▶ **Problem requirements**
All pictures must be dropped, while the entries are given again word for word.

▶ **Task data**
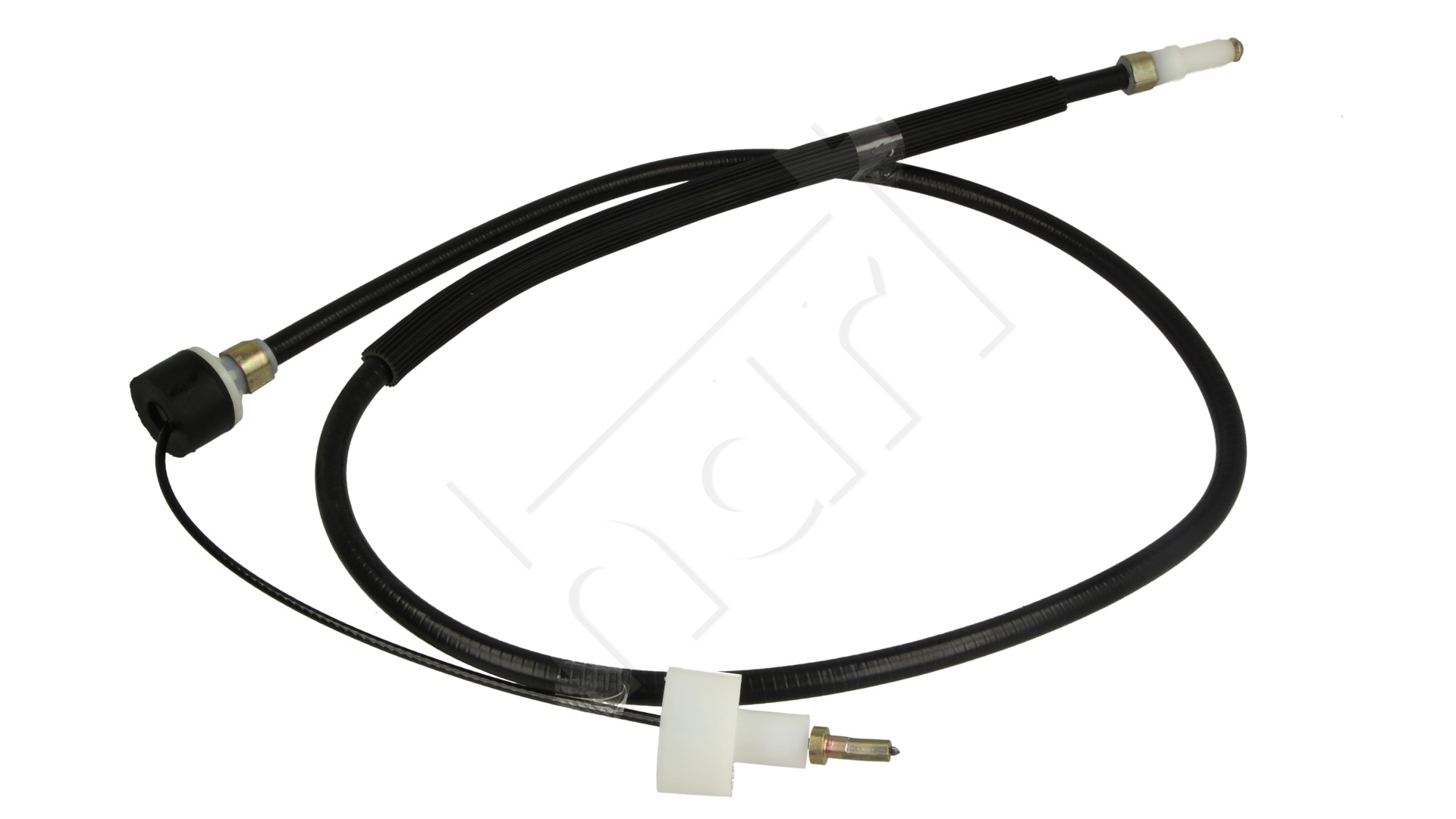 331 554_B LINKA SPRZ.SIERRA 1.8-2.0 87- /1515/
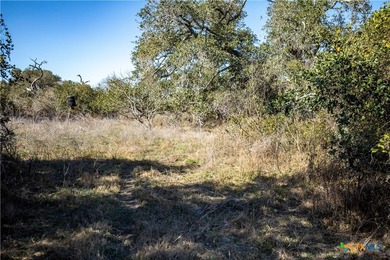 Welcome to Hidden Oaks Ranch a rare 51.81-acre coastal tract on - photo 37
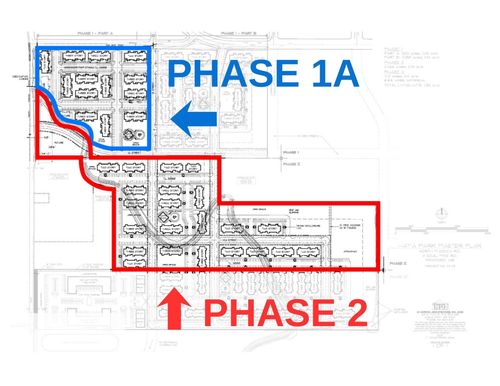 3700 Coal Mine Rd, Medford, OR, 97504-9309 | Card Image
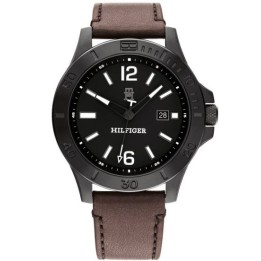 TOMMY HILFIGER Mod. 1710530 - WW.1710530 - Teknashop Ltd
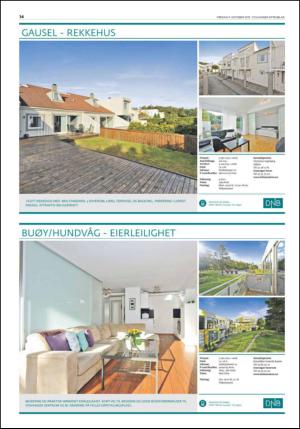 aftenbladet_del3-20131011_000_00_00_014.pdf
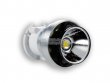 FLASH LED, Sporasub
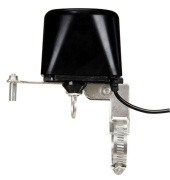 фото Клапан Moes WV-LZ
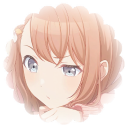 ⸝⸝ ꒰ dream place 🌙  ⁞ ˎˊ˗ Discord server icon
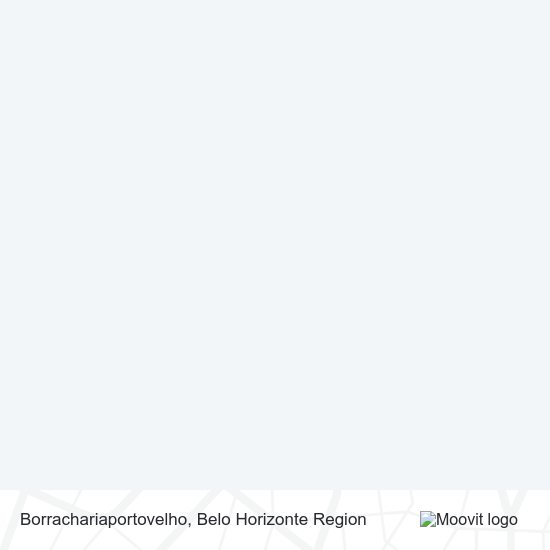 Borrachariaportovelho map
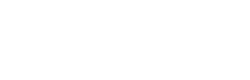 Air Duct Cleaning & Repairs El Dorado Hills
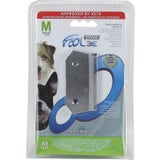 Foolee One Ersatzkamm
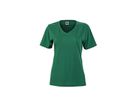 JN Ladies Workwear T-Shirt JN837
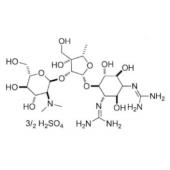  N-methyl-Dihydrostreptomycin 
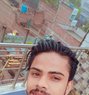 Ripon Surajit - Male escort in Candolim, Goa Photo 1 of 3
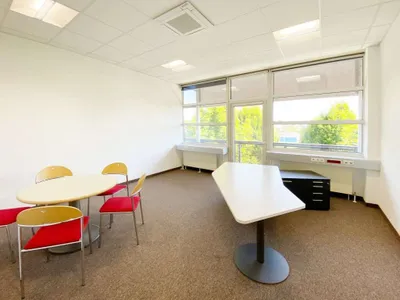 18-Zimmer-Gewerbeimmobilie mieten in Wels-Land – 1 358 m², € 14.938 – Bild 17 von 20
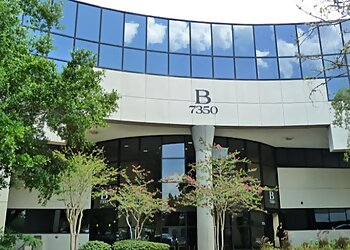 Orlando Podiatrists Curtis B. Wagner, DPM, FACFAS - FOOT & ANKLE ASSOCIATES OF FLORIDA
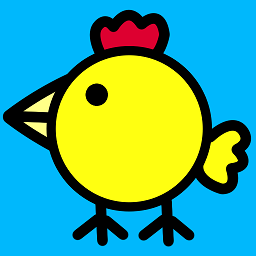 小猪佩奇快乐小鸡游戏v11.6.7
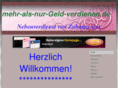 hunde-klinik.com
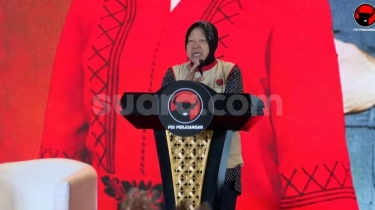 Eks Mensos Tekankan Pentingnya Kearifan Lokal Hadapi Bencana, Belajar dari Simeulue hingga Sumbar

▶ **Response to the task**
 331 554_B LINKA SPRZ.SIERRA 1.8-2.0 87- /1515/
 Welcome to Hidden Oaks Ranch a rare 51.81-acre coastal tract on - photo 37
 3700 Coal Mine Rd, Medford, OR, 97504-9309 | Card Image
 TOMMY HILFIGER Mod. 1710530 - WW.1710530 - Teknashop Ltd
 aftenbladet_del3-20131011_000_00_00_014.pdf
 FLASH LED, Sporasub
 фото Клапан Moes WV-LZ
 ⸝⸝ ꒰ dream place 🌙  ⁞ ˎˊ˗ Discord server icon
 Borrachariaportovelho map
 Air Duct Cleaning & Repairs El Dorado Hills
 Foolee One Ersatzkamm
 JN Ladies Workwear T-Shirt JN837
  N-methyl-Dihydrostreptomycin 
 Ripon Surajit - Male escort in Candolim, Goa Photo 1 of 3
 18-Zimmer-Gewerbeimmobilie mieten in Wels-Land – 1 358 m², € 14.938 – Bild 17 von 20
 Orlando Podiatrists Curtis B. Wagner, DPM, FACFAS - FOOT & ANKLE ASSOCIATES OF FLORIDA
 小猪佩奇快乐小鸡游戏v11.6.7
 hunde-klinik.com
 Eks Mensos Tekankan Pentingnya Kearifan Lokal Hadapi Bencana, Belajar dari Simeulue hingga Sumbar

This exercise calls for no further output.